Recommendations for optimal time spent in daily meditation vary, but many people cite lack of time as a reason not to meditate. A Zen proverb states: “You should sit in meditation for 20 minutes every day, unless you’re too busy. Then you should sit for an hour.” Meditation can be catalytic to positive change, even in micro-doses. Committing to a practice of micro-meditation—short periods of mindfulness in our day—may be our surest path to a transformational, lifelong practice.
Following are three micro-meditations to practice daily—anytime, anywhere, for one minute or longer, when that feels possible:
Practice observing—to access the “seat of self.”
Close your eyes, breathe, and visualize yourself softening back into a place behind your brain, where you can watch your own thoughts. Like dropping to the back row of a movie theatre, find a “seat” where you can observe: thoughts (brain), sensations (body), and emotions (energy-in-motion).
Take about 5 to 10 breaths with this. Anything you can observe is not you. You are not your thoughts, sensations, or emotions—you are the observer. This is the “seat of self,” or the seat of consciousness, the seat of meditation.
“You are the sky. Everything else, it’s just the weather.” ~ Pema Chodron.
Practice compassion—to transform suffering.
Close your eyes, breathe, and start to feel your heart with every breath. Become aware of any suffering in or around your experience (thoughts, sensations, or emotions) and practice doing the opposite of what we normally do when faced with suffering (resist).

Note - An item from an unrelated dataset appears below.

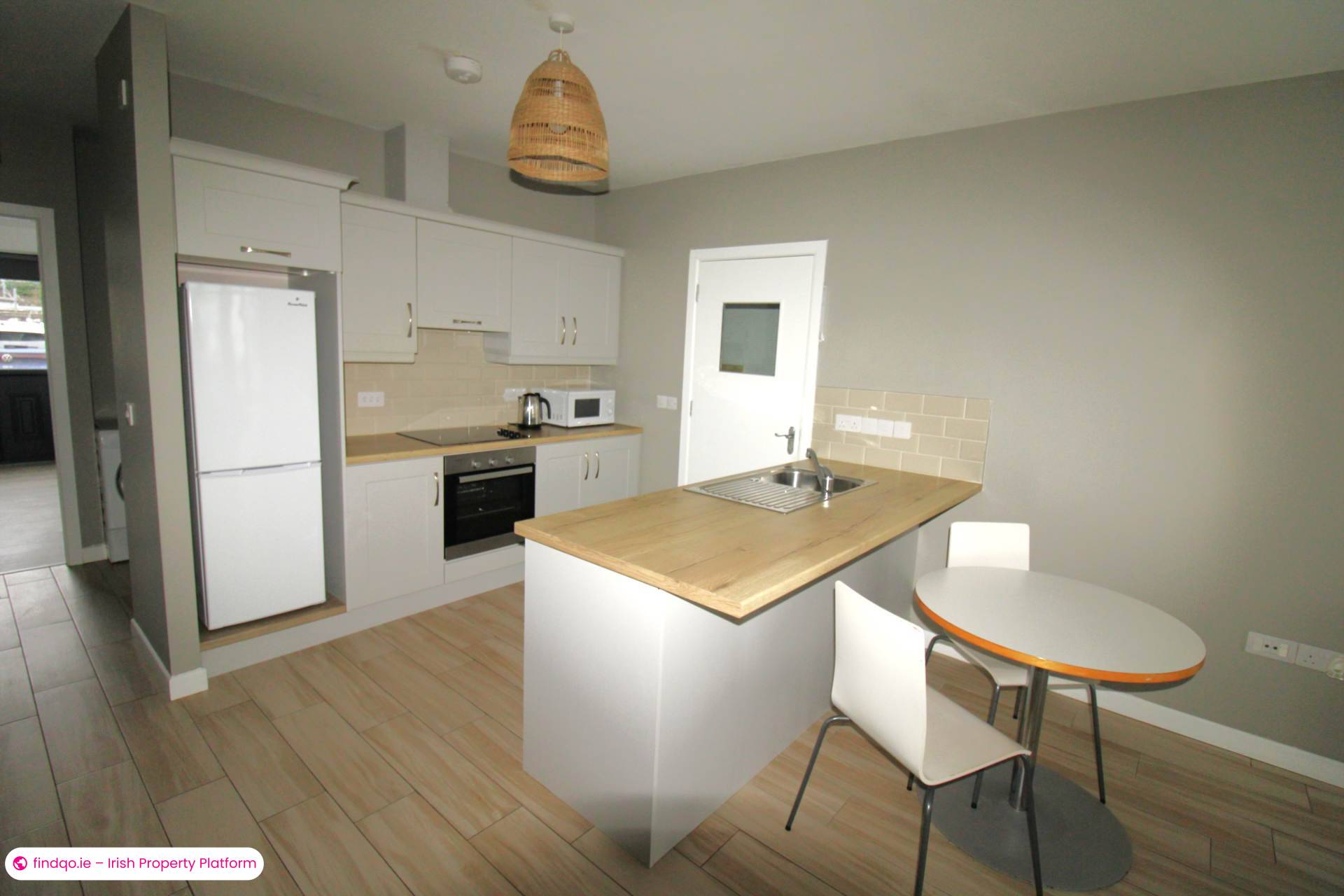 Apartment for Sale in Ballina, Mayo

Instead, practice inviting any suffering in to your heart with every inhale. Feel your heart hold it. Then with every exhale, infuse the suffering with an antidote offering (i.e., offer judgment acceptance, offer pain ease, offer scarcity abundance, offer fear love).
Keep breathing. Keep practicing. Trust the heart’s ability to hold. Feel the heart’s limitless capacity to expand. Feel the heart’s power to transform suffering into healing with this compassion meditation. Keep breathing into your heart.
“When you feel the suffering of every living thing in your own heart, that is consciousness.” ~ Bhagavad Gita.
Practice gratitude—to get out of reaction mode.
When you notice yourself flooded with emotion during a stressful situation (a business meeting, an argument with your partner, a physical challenge), do the following:
>> close your eyes (arrive)
>> breathe (anchor)
>> scan your body (observe)
>> notice all the things that are present, working, or good (choose),
>> or, simply notice one thing that is okay, right here, right now, in this moment.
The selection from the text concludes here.